**Requirement**
What is needed is an exact copy of the lines from the line holding "Used 2023 Silver Ford Lariat image 8" through the end of the material, with no other lines and no pictures.

*** Given material ***

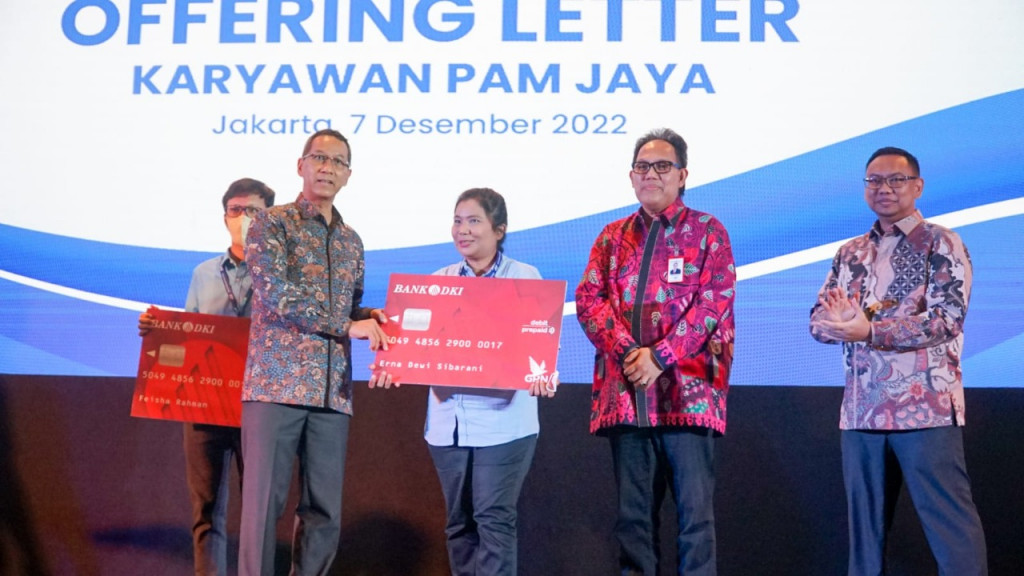 Bank DKI memfasilitasi pembukaan rekening dan pembayaran gaji karyawan baru PAM Jaya. FOTO: Bank DKI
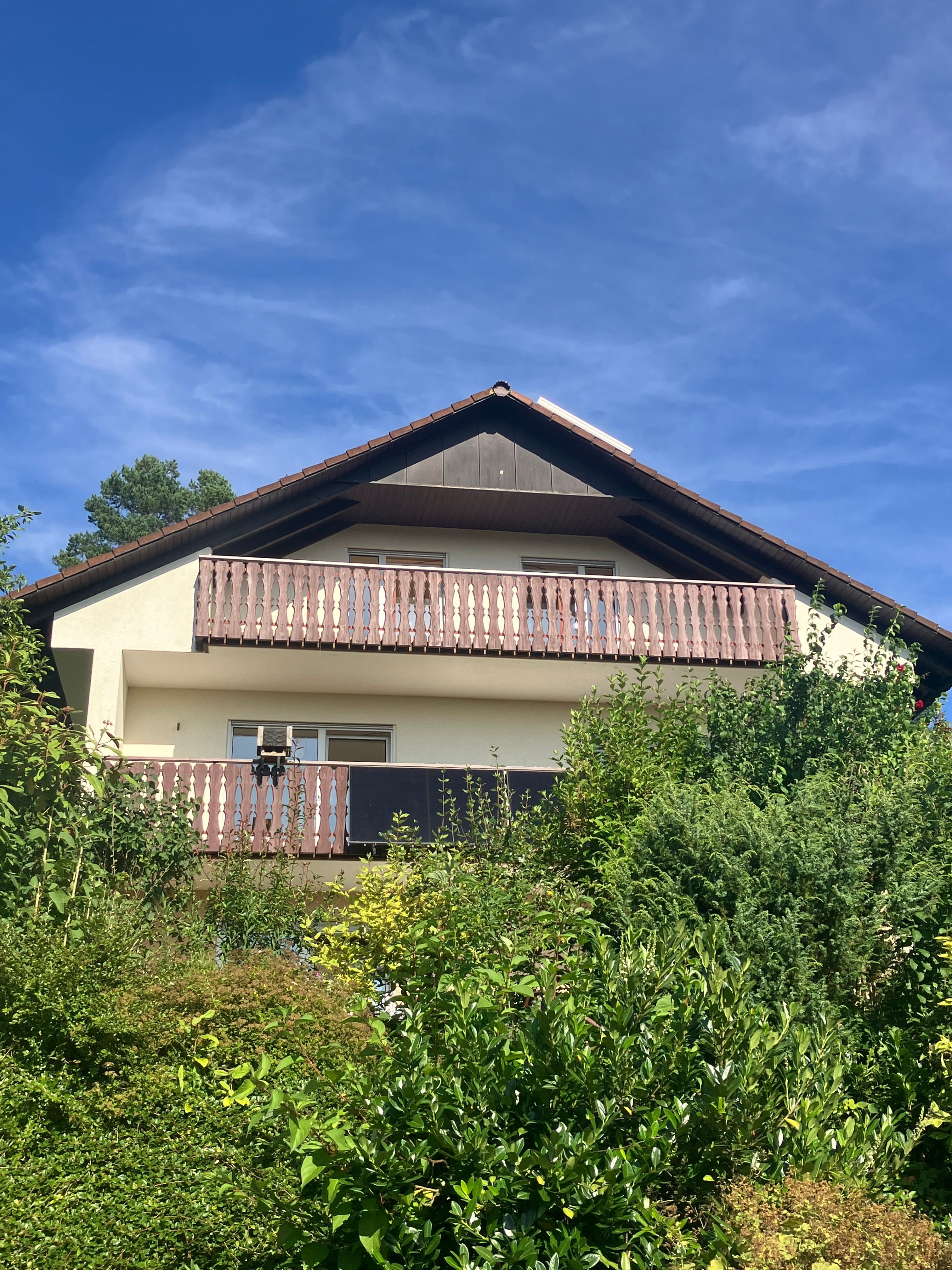 Einfamilienhaus zum Kauf 695.000 € 9 Zimmer 220 m²<br/>Wohnfläche 881 m²<br/>Grundstück ab sofort<br/>Verfügbarkeit Wehingen 78564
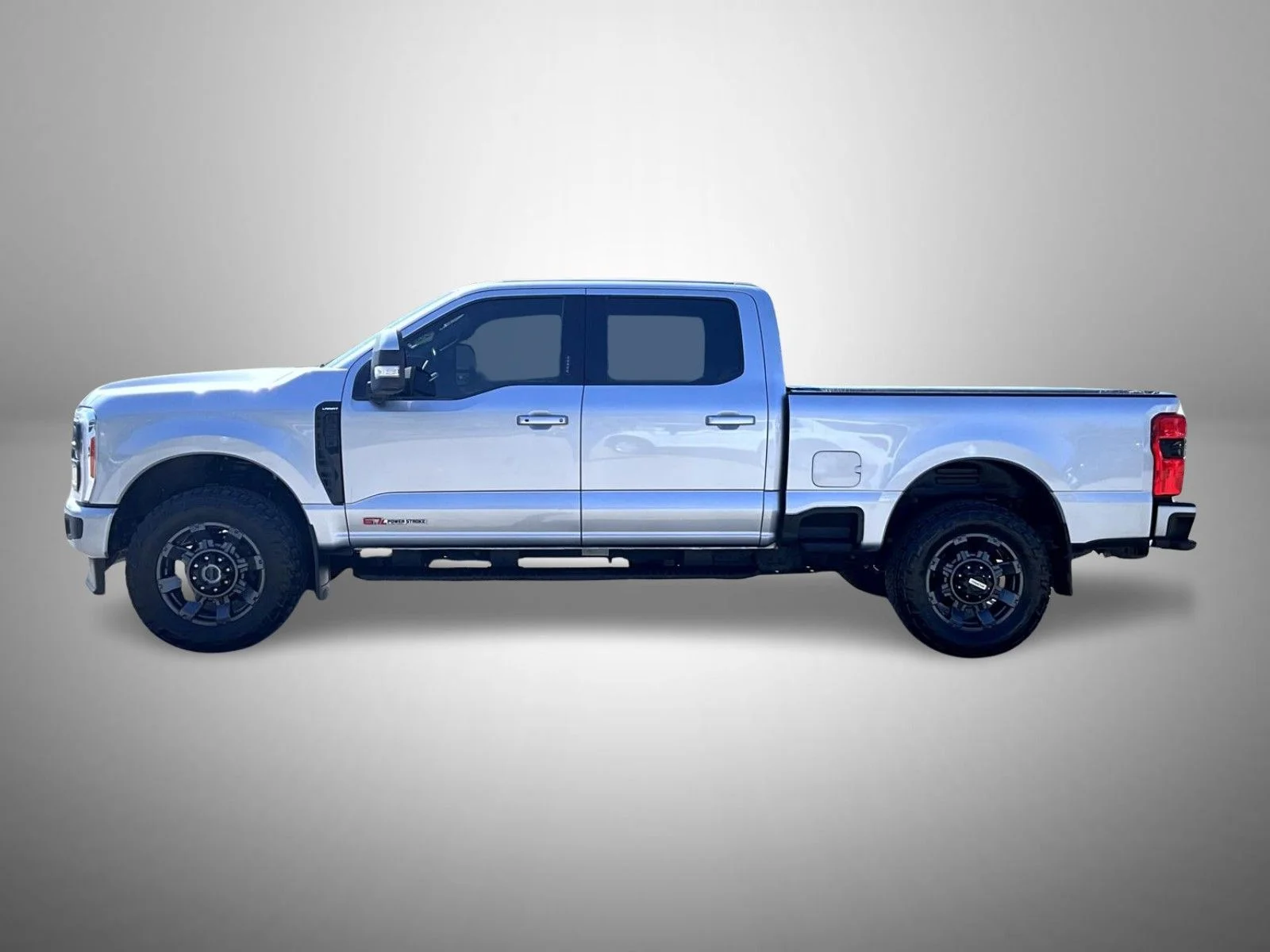 Used 2023 Silver Ford Lariat image 8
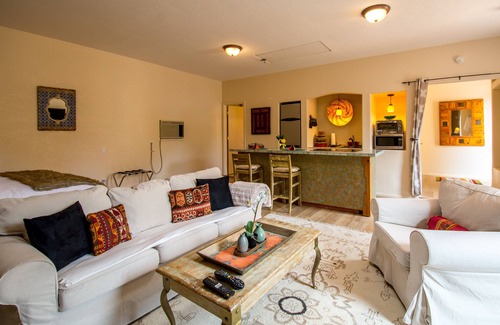 Sedona House | Peaceful ♥ Casita | Hot Tub | Laundry | Courtyard | Close to Hiking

***

**Solution for this exercise**
 Used 2023 Silver Ford Lariat image 8
 Sedona House | Peaceful ♥ Casita | Hot Tub | Laundry | Courtyard | Close to Hiking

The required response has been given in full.